伯爵は部屋じゅうのカギをしめて妻を安心させ、もし窓からどろぼう名人が忍びこんできたらピストルで撃ち殺してやると決めていた。

どろぼう名人は死体を肩にかついで伯爵の寝室の窓まではしごをかけてのぼると、伯爵からは死体のすがただけが見える。

そこで伯爵はピストルで死体を撃つと、どろぼう名人はその死体を地面に落とす。

伯爵はどろぼう名人をやっつけたと思いこんで、死体を埋めるために庭で穴をほりはじめ、どろぼう名人はそのすきをついて寝室へしのびこむ。

どろぼう名人は伯爵の声をまねたので妻も気づかず、無事にシーツと指輪を盗んで次の日に伯爵をびっくりさせる。

 

 

最後の課題のために、どろぼう名人はザリガニとろうそくをたくさんつめて教会へ向かい、墓地でザリガニの背中にロウソクをつけたものをたくさん地面に這わせておく。

そして自分は修道士のような服を着て、教会の祭壇で「世界の終わりが来たので、最後の審判をする」とさけぶ。
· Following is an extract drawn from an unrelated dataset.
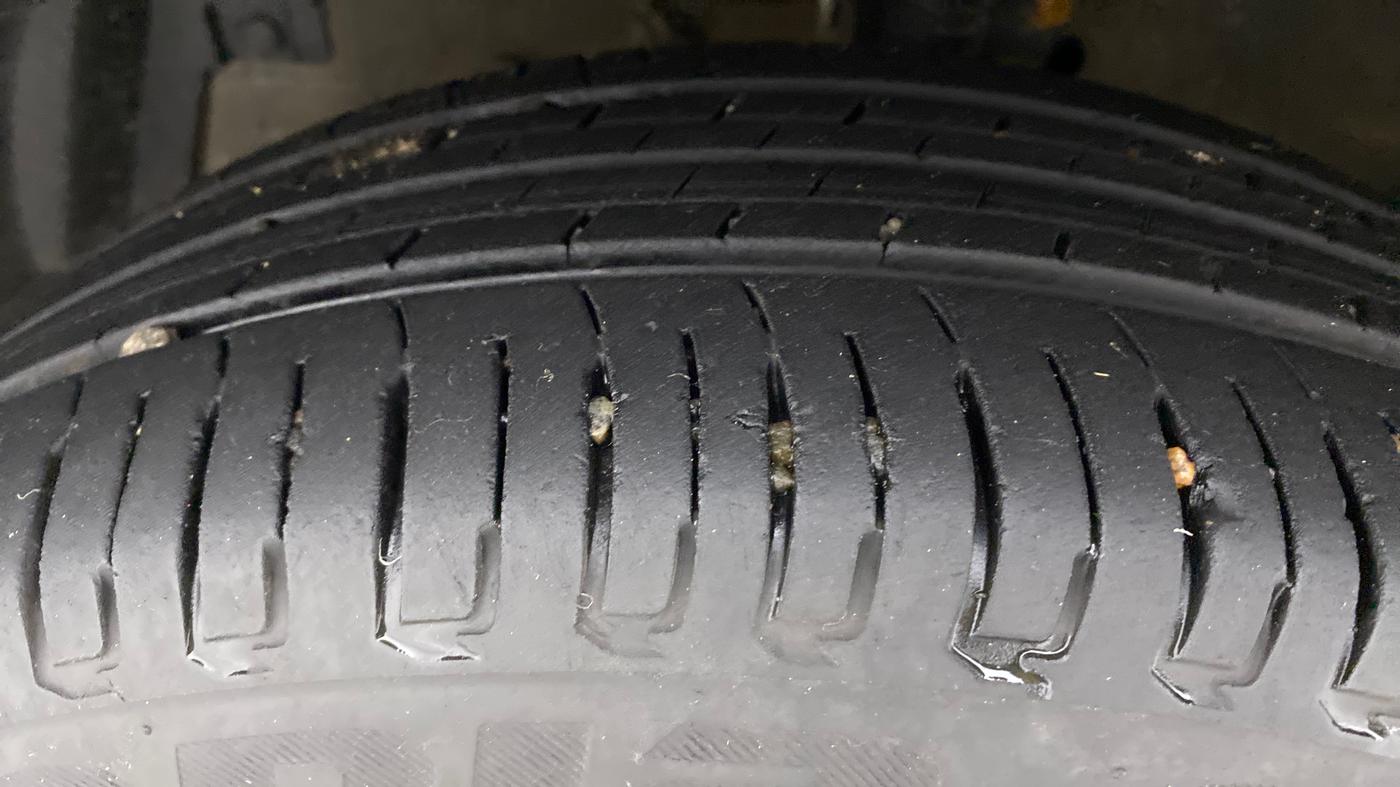 2015 Maruti Swift ZXI, Petrol, Manual, 57,817 km, Left Front Tyre Tread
そして「天国に入りたいものはこの袋に入れ」とさけんだので、教会の近くに住む牧師と教会の番人はすぐにあらわれ、しばらく修道士の説教を聞いてみずから袋に入った。

どろぼう名人は袋を引きずり、しまいには城にあるハト小屋まで連れていき、ハトがバタバタすると「天使が羽ばたきをしている」といって牧師と番人を完全にだます。

次の日に伯爵はどろぼう名人の腕をみとめて見逃すことにするが、つぎに自分の領地に入ってきたらすぐにしばり首にすると告げる。

どろぼう名人は両親に別れを告げて、ふたたび世間に出ていった。